ヒュートレッドを人質に取り、こいつの命が惜しけりゃ云々を矢の届かない所から叫んで伝える。

しかしその返答がすごい。

「王位は既に決まったようなもの。今更ヒュー様の出る幕はない。」である。

「とは言え、王族だ。助ける気はないのか。」

「ない。」

 一応、向こうも王族だったと言う事なのだろう。そういったやり取りでヒュートレッドは泣き出してしまう始末だ。他に方法も無いので引く事も出来ないレッドはこの作戦で押し切るしかないのだが、それも難しい。一旦引いて作戦を練り直す必要があった。が、ヒュートレッドはブロードソードを手に取り、レッドの静止を振り切り一人で突っ込んで行ってしまった。

 泣いてしまったんじゃねえのかよ! 行ってしまって貰っては困る。エルスヴァンの騎士という称号がもらえなくなってしまう。人間として暮らす日々を必死で追いかけるしか無いレッドは名前通りの姿になって漸く門前に追いついた。


 ヒュートレッドは無傷でそこにいた。思えば王族なのだからこいつを盾にして近づけば矢は飛んでこなかったのかも知れなかった。が、そんな事はない。ヒュートレッドにも矢は飛んで来ていた。ヒュートレッドの剣の腕のみで飛んでくる矢を切り払っていたのだ。

 そこまで執拗にこの姫を国に返したくなかった理由は、人間でない可能性が高いからであろう。

 飛んで来る矢を剣で切り払うから人間じゃないとかそういう事ではなく、ゴブリンの子を孕んでいる可能性の方だ。

 ゴブリンは人ではない。ゴブリンに人間の血が混じろうともそれはゴブリンで、孕んだ人間もまたゴブリンとなる。この世界のことわりの様な風習がそうさせる。


 暫く降り続いた雨のように降り注いだ矢はピタリと止まり、門は開いた。

 中から現れたのは金髪の若い男である。

 現大臣、長兄の王族、ブルーブレス・ワーガイアであった。

「ヒューよ、よくぞ生還した。」と、言った。

「ブルーブ、この仕打ち忘れません。」と、ヒュートレッドは睨み返して、ブルーブレスの笑顔も凍りつく。一先ず手当を。と、ブルーブレス部下に命じてヒュートレッドの計らいでレッドも回復魔法をかけてもらうことで一命をとりとめた。

 それから、女王に謁見するにあたり体を磨かれ、民族衣装を着せられ、飯を食う。エルスヴァンとは違い残飯の様な飯を食わされた。文句もある所だが、ともあれ謁見。

 まさかの玉座にて謁見がかなう。左右に王族がずらりと並び扉の所まで総勢何人いるんだか分からない程の金髪だった。

「ご覧の様に」と、女王グリーンピース・ワーガイア。

「王族と云えど、ヒュートレッド一人居なくなった位で騒ぎになる程の事ではないのです。」

「それにしても穏やかじゃねえな。」とレッド。

「穏やかで無くとも褒美は出ます。例えゴブリンでも。」

「そうかい。それなら文句はねえ。」文句がない訳がないのだけど、嘘も方便という奴だ。

「では、望みを。」と、グリーピース・ワーガイアは言うが、これだけの王族を目の前にして出せる望みなんてものは、助けてくれ。に尽きるのではないだろうか。
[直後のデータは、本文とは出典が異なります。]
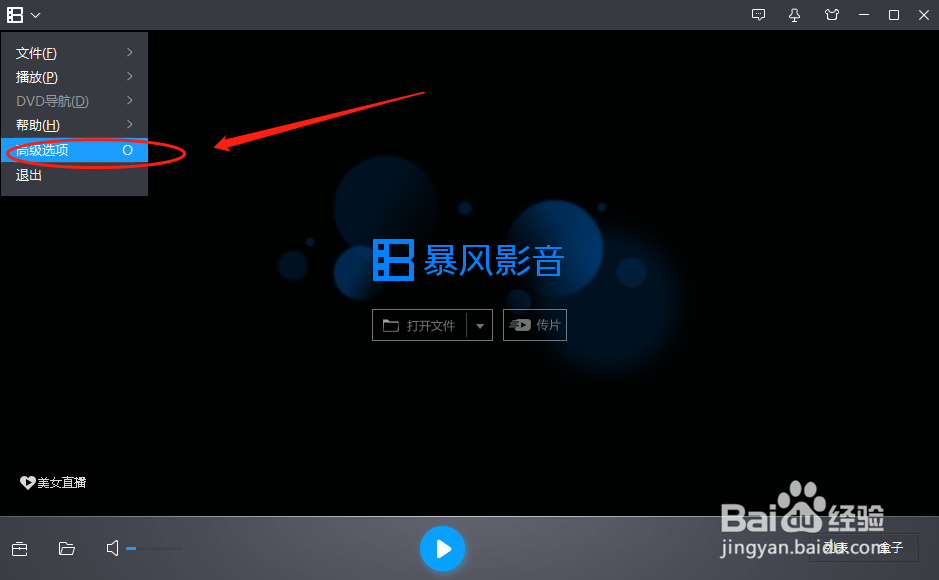 暴风影音软件怎样修改开启右耳命令的快捷键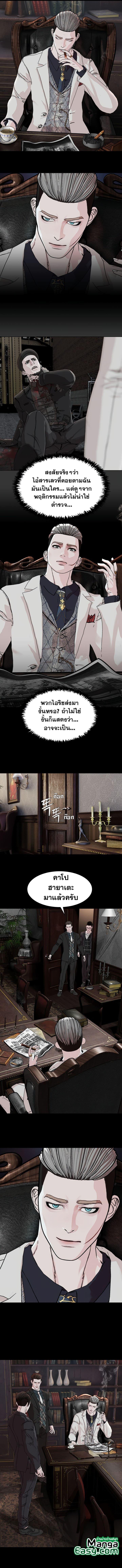 Manga-lc-com อ่านมังงะ อ่านการ์ตูน ออนไลน์ ฟรี SOLDATO ตอนที่ 1 2 3 4 5 6 7 8 9 10 11 12 13 14 ฟรี ไม่มีโฆษณา Manga-lc - อ่าน มังงะ อ่าน การ์ตูน ออนไลน์ อ่านมังงะ ฟรี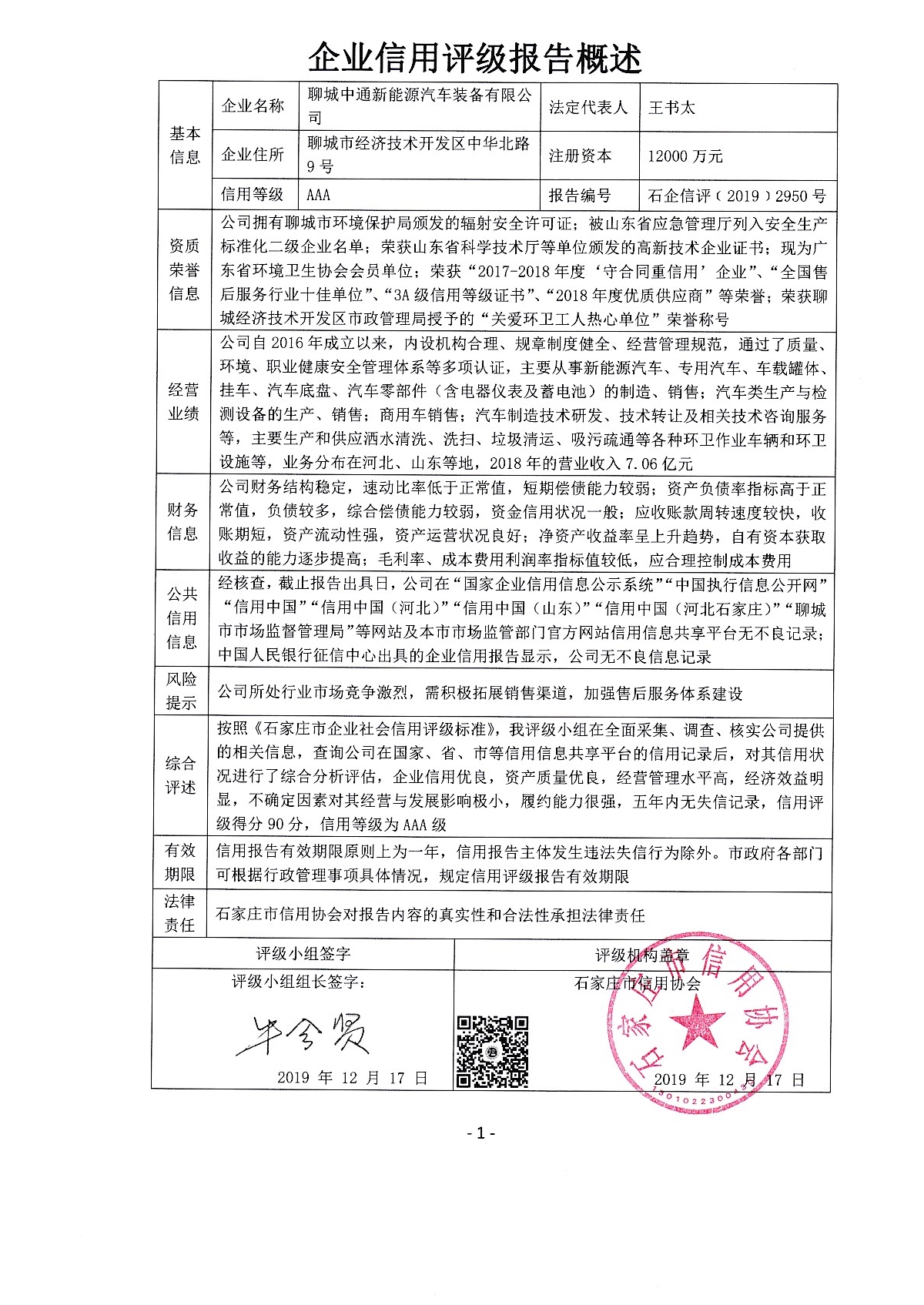 聊城中通新能源汽车装备有限公司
 実際レッドの願望はエルスヴァンまでの安全が関の山だ。ところが事態が起こる。敵襲だ。

 レッドには関係のない事だし帰国間もないヒュートレッドも役目がない様子。二人仲良く玉座を任された。

「皇女が玉座離れて会議室向かうのか? この国は。」

「当然です。」アマゾネスですから。と、ヒュートレッドはしたり顔で受け答えた。

 それじゃあ仕方ねえか。と笑ってみるその時またも城が揺れた。

「ただ事ではありませんわね。」ヒュートレッドは何故だかレッドの方を向いてうなずく。

 そんな事された所でゲームのイベントじゃねえんだから徒党組んで敵将打ちに行くとか、そういうの無いからな。と返す。が、姫は止まらない。流石はアマゾネス。

「ともあれここは危険です。」

 城の玉座が危険ならどこ行ったって危険だろ。と返してみても姫はやる気満々だった。

「貴方はこの戦況どう見ます?」

「空襲だな。」

「と、なると?」

「東の国フウガってところか。」

「では、どうすればよろしいか。」

「そりゃおめえ、対空砲で撃破するしかねえだろ。北の国エルスヴァンの協力が得られたらの話だが。」

 母の大地ジョヴァンニでは対空手段が乏しい。これも魔法に頼っている憂いの一つだ。

「私の記憶が正しければ、レッド。あなたはエルスヴァンの騎士ですよね?」

 姫を受け渡した事をフレイ・エルスト三世に伝わったらの話だ。と切り返す。

 そこで三度揺れた。

「まさか成す術がないって事はないだろ。アマゾネス。」

「空を飛べる訳ではありませんので、現状指揮はブルーブ任せになる所ですわね。」

「は?」ハトが豆鉄砲食らったような顔とはこんな顔だ。

「ですから……」

「ブルーブレスは皇帝になれない王族だろ? 今回の襲撃だってソイツが絡んでると見るのが当然じゃないのか?」

 それで姫は納得した。

「敵は、本能寺に在り。ですわね。」とか言い残して走って行ってしまった。

 だから、行ってしまったじゃない! グリーンピース・ワーガイアがヒュートレッド・ワーガイアを受け取りましたっていうお受け取り印がないと、エルスヴァンのフレイ・エルスト三世から騎士の称号貰えないんだよ!

 叫んでみても帰ってくる気配のない姫を迎えに行くしかないレッドである。